Cooking at these temps can be a bit humbling, there's no room for mistakes or carelessness.
It's nice to know that I can grab some ribs on the way home from work and have a rib dinner in about 90 minutes.
I really think that most folks will like these If they are willing to give it a shot.
As a 3-2-1 Low and slow subscriber, it's hard to wrap my head around this "Broil" type of smoking.
Were these the best ribs I ever had? I won't answer that because I hear that expression way too much But...


----------



## jds22 (Jul 23, 2012)

Wow, thanks for the detailed post. My electric smoker won't get that hot by my grill can.

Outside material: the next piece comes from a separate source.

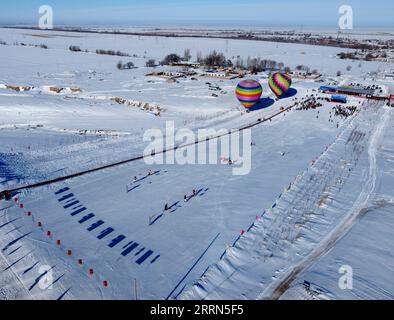 221212 -- MORI, 12 décembre 2022 -- cette photo aérienne prise le 12 décembre 2022 montre la cérémonie d'ouverture du 2e carnaval du tourisme de neige et de glace dans le comté autonome kazak de Mori, dans la région autonome ouïgoure du Xinjiang, au nord-ouest de la Chine. Le 2e carnaval du tourisme de neige et de glace dans le comté autonome kazak de Mori a débuté lundi. CHINE-XINJIANG-NEIGE ET GLACE TOURISME-CARNAVAL CN HAOXJIANWEI PUBLICATIONXNOTXINXCHN Banque D'Images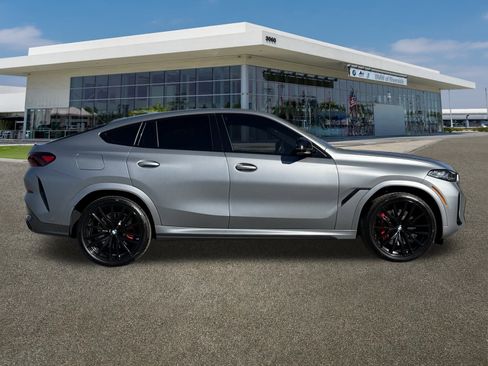 Used 2025 BMW X6 M60i image 12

I might have to give these a try.


----------



## dewetha (Jul 23, 2012)

excellent write up. i think you hit the nail on the head a few times.

room for error. i cooked at high temps for decades. the different between done and Chinese take out is mere minutes. where as ribs can have a nice 15-20 min window where most would still eat them.

high temps cooking has it's place. the right tool for the right job. this is a handy recipe and technique that i will store away for those times when a quick meal is needed.


----------



## mdboatbum (Jul 23, 2012)

Thanks a million for that post!! I saw that show and was wondering about the method. I agree, Robert was a little harsh with the guy, but the guy really was a little bullheaded. Hated the way they redecorated the restaurant.


----------



## jarjarchef (Jul 23, 2012)

Great job.  will have to try them some time.

I have had others I work with that have worked with Irvine. All they say is he is intense!!!!!!


----------



## smokinhusker (Jul 23, 2012)

Man those look awesome! Thanks for the detailed technique and recipes (yep I like the lesser cayenne).

My MES won't get that hot, but I'm working on getting a propane smoker in the not too distant future.


----------



## dewetha (Jul 23, 2012)

SmokinHusker said:


> Man those look awesome! Thanks for the detailed technique and recipes (yep I like the lesser cayenne).
> 
> My MES won't get that hot, but I'm working on getting a propane smoker in the not too distant future.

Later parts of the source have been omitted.